Generating PDFs with React on the server
In this article, you can learn how to generate a PDF document using Firebase Cloud Functions and save it to Firebase Cloud Storage.
Generating PDFs is tedious and can require a lot of work, but, we found react-pdf/renderer which helped us build complex PDF documents using components.
However, the library has a major drawback, it’s 1.5MB minified or 392 kB minified and gzipped, and since we were using it client-side it increased our bundle size significantly. We knew that at some point we will have to rethink the current approach.
We’ll skip creating a Firebase project/function, and jump to PDF generation.
To generate a PDF document react-pdf/renderer has a renderToStream function.
const renderToStream: (document: React.ReactElement<DocumentProps>)
=> Promise<NodeJS.ReadableStream>;
From the function definition, we can see that it accepts a React component and returns a ReadableStream wrapped in a Promise.
save(data: string | Buffer, options?: SaveOptions): Promise<void>;
Cloud Storage save method accepts a string or a Buffer. For this example, we will work with Buffer. This means that we need to convert a ReadableStream to a Buffer.
What is a ReadableStream?
A Stream is a collection of data broken down into smaller chunks that can be processed chunk by chunk. As the name suggests ReadableStream is a Stream from which data can be read.

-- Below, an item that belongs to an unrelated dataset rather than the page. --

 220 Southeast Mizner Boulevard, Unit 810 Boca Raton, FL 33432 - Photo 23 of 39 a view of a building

Checking Stream docs we can see that there are two reading modes:
- Flowing mode - data is read from the underlying system automatically and provided to an application as quickly as possible using events.
- Paused mode - the stream.read() method must be called explicitly to read chunks of data from the stream.

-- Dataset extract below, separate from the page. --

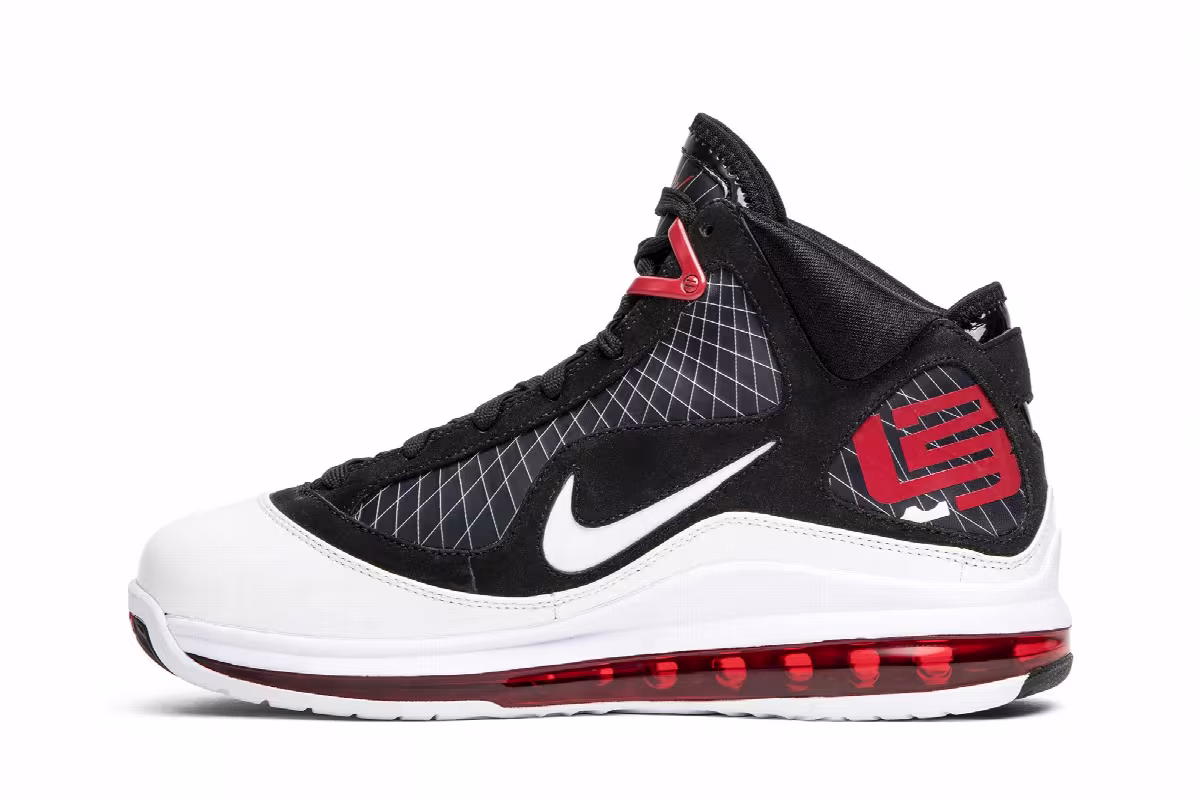 Nike Air Max LeBron 7 Heroes Pack, view 4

For this implementation we choose the flowing mode, so we will write a function that will create a Buffer from a Stream using stream ‘data’ and ‘end’ events.
export const streamToBuffer = async (
stream: NodeJS.ReadableStream,
): Promise<Buffer> => {
return new Promise((resolve, reject) => {
const chunks: Buffer[] = [];
stream.on('data', (data) => {
chunks.push(data);
});
stream.on('end', () => {
resolve(Buffer.concat(chunks));
});
stream.on('error', reject);
});
};
We are filling a Buffer array with the data until the ‘end’ event when we concatenate all chunks together.
A sample pdf component that will display only a string:
type Props = {
data: string;
}
const PdfDocument: React.FC<Props> = ({ data }) => {
return (
<Document>
<Page size="A4">
<View>
<Text>{data}</Text>
</View>
</Page>
</Document>
);
};
export const generatePdfDoc = async (props: Props) =>
await renderToStream(<PdfDocument data={props.data} />);
Everything put together:
export const generatePdf = https.onCall(async (data) => {
const pdfStream = await generatePdfDoc({ data: "Some String" });
const pdfBuffer = await streamToBuffer(pdfStream);
const fileName = `MyFile.pdf`;
await admin
.storage()
.bucket()
.file(fileName)
.save(pdfBuffer);
});
Closing words
We tried different solutions for generating pdf documents and none of them came close to React-pdf in terms of developer experience. React-pdf enabled us to generate pdf documents in a declarative way using React components. Moving the implementation server-side helped us to reduce the application bundle size and increase overall performance. Note that even though the current implementation is using Firebase Functions and Cloud Storage, concepts shown in the article can be applied in any node js server-side framework.